A partial wall left in the trees is where two escapees got out. One stole a bike and made it to Switzerland in just 8 days! The other walked his way there in 5 months!
In 1939, 700 Polish prisoners were in Colditz and was then changed to imprison high profile prisoners.
These prisoners were VIP’s with some related to Churchill or the Queen and other high profile families or ranking.
The Castle used to be a drab grey which the Germans saw as formidable and the Captain in charge thought that being built on 30m of solid rock that it could not be escaped from let alone tunneled out of!
The French created a tunnel below and through Colditz taking them just a mere 9 months to do so.
There were 150 guards at the beginning and by the end 300 – 1 guard to every 2 prisoners.
As this was(?) run under the Geneva Convention, prisoners were allowed to be punished with solitary confinement. This just gave most of them more time to dream up escapes and ways to keep the guards busy. They were able to time the guards movements and use the information for their plans. Guards were tied up 4 times a day with roll calls and keeping track of where all the prisoners were.
An Englishman and a Dutchman were the first to attempt escape from Colditz.
Art Neive cut a German uniform from a Polish one which was supposed to be dyed the correct colour. Being a little impatient he escapes anyway and nearly blew his cover by taking a piece of chocolate from his pocket to which the Germans had not seen such luxury in more than 2 years.
He had escaped with another prisoner through the back of the opera theatre past 4 guards unnoticed. He escapes 9 times during that period and was killed years later in and IRA bombing. He was your original 007 and was with a Belgium woman who was considered the original ‘Q’. It is said that this is where Ian Fleming got the ideas for his James Bond books.
We headed up the spiral staircase to the loft and watched a shortened version of the very same documentary that Jack and I had happened across on tv just a few months earlier!
The guy in the documentary with some aerodynamic experts recreated the glider and launching that had taken place by a couple of British Air Force pilots during their Colditz internment.
It really is impressive to think they they actually built a glider hidden away behind a false wall right under the guards noses! They found books on aerodynamics in the prison library and set about to build it with stuff just laying around.
The two airmen had said it wasn’t that hard there were supplies in hallways and other areas just for the taking that wouldn’t be noticed if gone.
They used their gingham bedsheets and made a dope from porridge to coat it with so the fabric would be taute.
The only photo of proof it actually existed was taken by a journalist that was with the Americans when they liberated Colditz.

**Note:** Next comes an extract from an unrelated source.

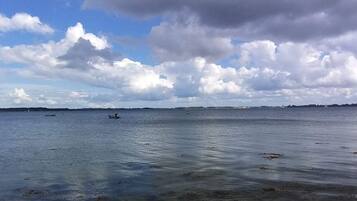 A coastal view with calm water, distant boats, and a partly cloudy sky.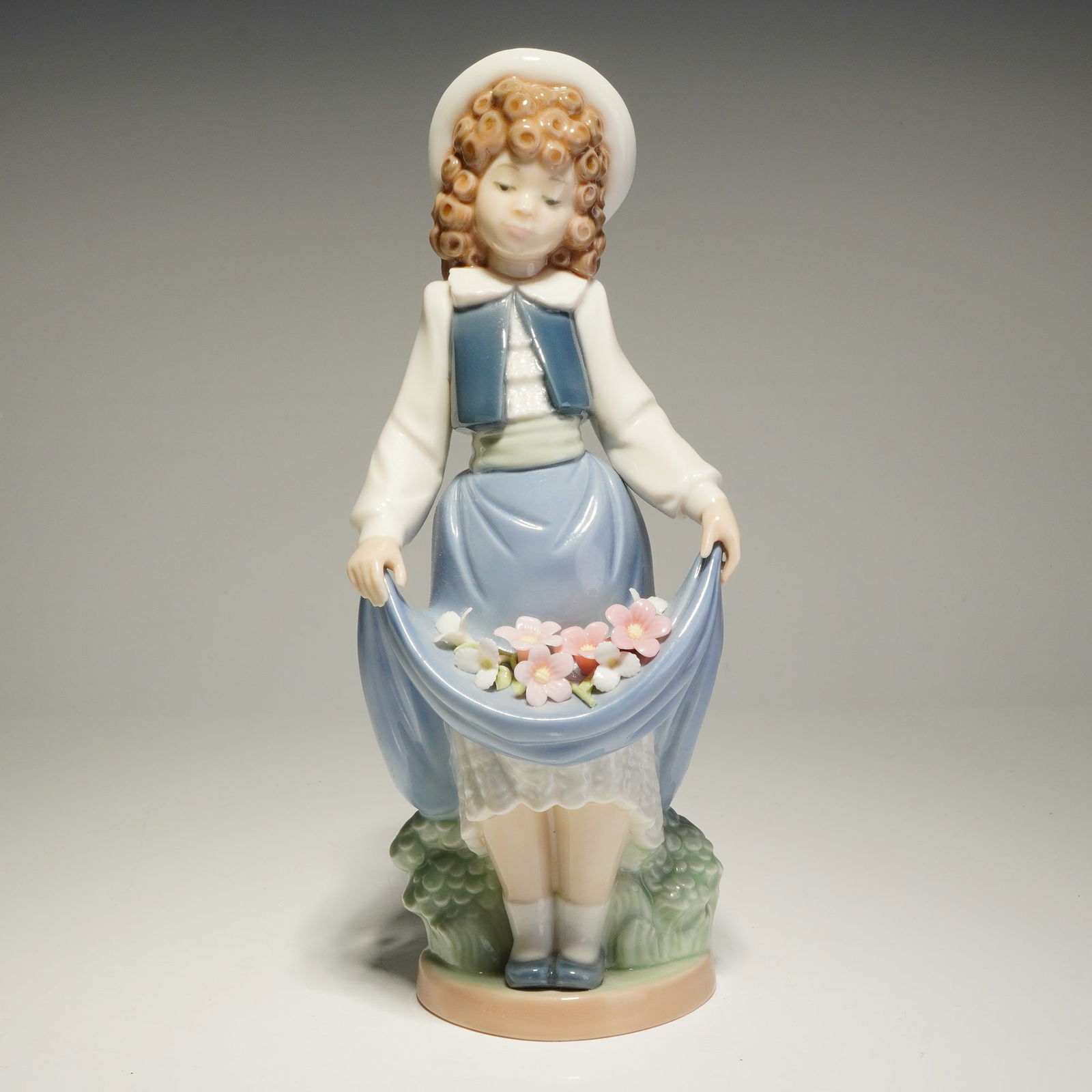 Nao by Lladro Porcelain Figurine The School Girl Number 1005: The figure depicts a young girl with curly brown hair wearing a white hat, a blue vest, and a blue skirt. She is shown holding a cluster of pink and white flowers within the fold of her skirt. The pie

Behind the wall where the photo display board, was where they built the glider in just 1 year.
The replica in the attic has been made using the exact plans the airmen came up with.
Lastly we went into the 1623 chapel. It was renovated much later and the back wall has only just been opened up to reveal the French tunnel work.
When the French discovered the gap at the back, they started creating a tunnel whilst the French organist played and the French choir would sing all day.
The mousetrap we saw in the first museum would sit underneath an organ pedal and if the guards were around it could turn off the power to the tunnel and the diggers would go silent.
The tunnel we saw in the cellar was just short of 46m. It is said that a young electrician was sent down to the cellar at the same time 3 French Officers landed in there. Of course they were caught and were made cement the hole back in (now removed again for their display purposes).
Also the rubble that they had taken out of the tunnels was deposited on the roof of the Chapel which later collapsed and they were made pay for the repairs.
Finally we were shown the section of roof the glider was launched from and the field in which it landed and indeed could possibly have landed if they had had the chance to attempt the escape in the glider.
A great experience to see it after seeing the history documentary.
Onto Freising we went for our final stop before departing Munich.